AMPP: The Association for Materials Protection and Performance
- Predecessor: NACE, SSPC
- Founded: 2021
- Type: Professional Organization
- Focus: Corrosion Engineering, Protective Coatings
- Location: Houston, Texas, Pittsburgh, Pennsylvania;
- Region served: Worldwide
- Method: Standards, Training, Professional Certification, Contractor Accreditation, Conferences, Publications
- Members: 40,000+^{[citation needed]}
- Key people: Alan Thomas, Chief Executive Officer
- Subsidiaries: MPI: Master Painters Institute
- Employees: 200+^{[citation needed]}
- Website: http://www.ampp.org

= Association for Materials Protection and Performance =

American materials science organization

The Association for Materials Protection and Performance (AMPP), is an American professional association focused on the protection of assets and performance of materials. AMPP was created when NACE International, formerly the National Association of Corrosion Engineers, and the Society for Protective Coatings (SSPC), formerly the Steel Structures Painting Council, merged in 2021. AMPP is active in more than 130 countries and has more than 40,000 members. AMPP is headquartered in the U.S. with offices in Houston, Texas and Pittsburgh, Pennsylvania. Additional offices are located in the UK, China, Malaysia, Brazil, and Saudi Arabia with a training center in Dubai.

==Standards==
Both the legacy NACE and SSPC organizations were ANSI-accredited standards developers, which AMPP plans to continue. The merged standards program includes 25 standing standards committees that develop technical standards for industries including cathodic protection, coatings, defense, highways and bridges, rail, maritime, oil and gas, power and utilities, research and testing, tanks and pipelines, and water and wastewater.

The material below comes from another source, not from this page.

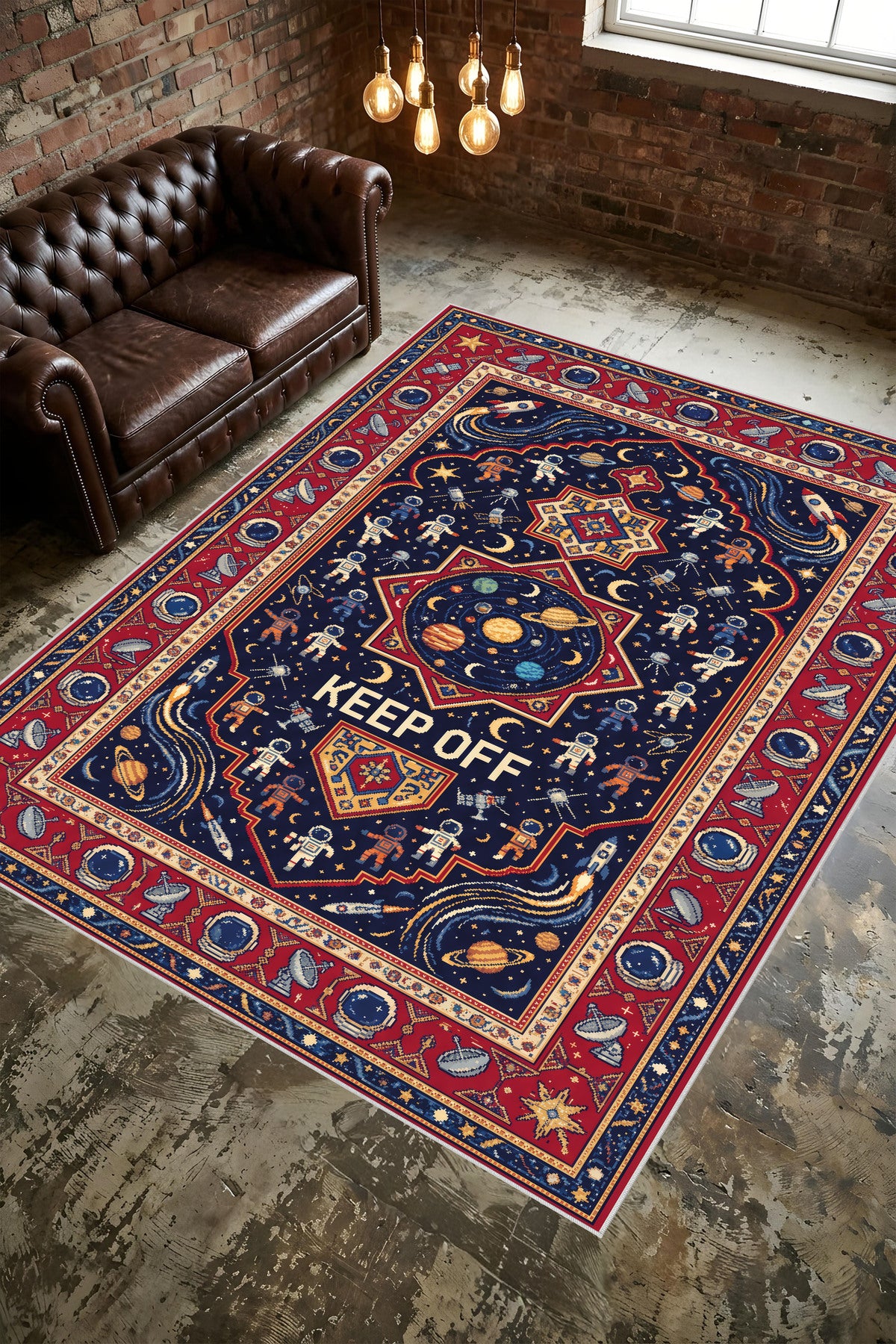 Dijital Yıkanabilir Etnik Retro Desen Kaymaz Taban Salon Halısı Mutfak Yolluk Çocuk Odası Halısı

==Professional training and certifications==
AMPP offers individual training and certification programs. Many are merged programs that originated as competing programs under the former NACE and SSPC organizations. Other programs are still being administered under the legacy NACE or SSPC frameworks until the merger is complete.

Individual Training and Certification Programs
| Category | Programs |
|---|---|
| Coatings Inspector Program (CIP) | Basic Coatings Inspector; Certified Coatings Inspector; Senior Certified Coatings Inspector; |
| Coatings Applicator Specialist Program (CAS) | Basic Coatings Applicator; Certified Applicator Specialist; SSPC C7 Abrasive Blasting; SSPC C12 Spray Application; SSPC C14 Marine Plural Component; |
| Cathodic Protection | CP1 Cathodic Protection Tester; CP2 Cathodic Protection Technician; CP2 Cathodic Protection Technician - Maritime; CP3 Cathodic Protection Technologist; CP4 Cathodic Protection Specialist; |
| Pipeline | Internal Corrosion Technologist; Pipeline Corrosion Integrity Management (PCIM) Technician; Pipeline Corrosion Integrity Management (PCIM) Technologist; Senior Internal Corrision Technologist; |
| General Corrosion | Refining Corrosion Technologist; Corrosion Technician; Corrosion Technologist; Offshore Corrosion Assessment Training (O-CAT) Technician; Senior Corrosion Technologist; |
| General Coatings | Protective Coating Technician; Shipboard Corrosion Assessment Training (S-CAT) Technician; |
| Speciality Certifications | MR0175 Certified User Carbon Steel (CS) Certification; MR0175 Certified User Corrosion Resistant Alloy (CRA) Certification; Corrosion Specialist; Protective Coating Specialist; |
| Micro-Credentials | Corrosion Foundations; Coatings Foundations for Amusement Parks; |

==Contractor accreditation==
AMPP administers accreditation programs for contractors working in the protective coatings and linings industries. "QP" stands for "Qualification Procedure", a reference to the technical standard that underlies each program.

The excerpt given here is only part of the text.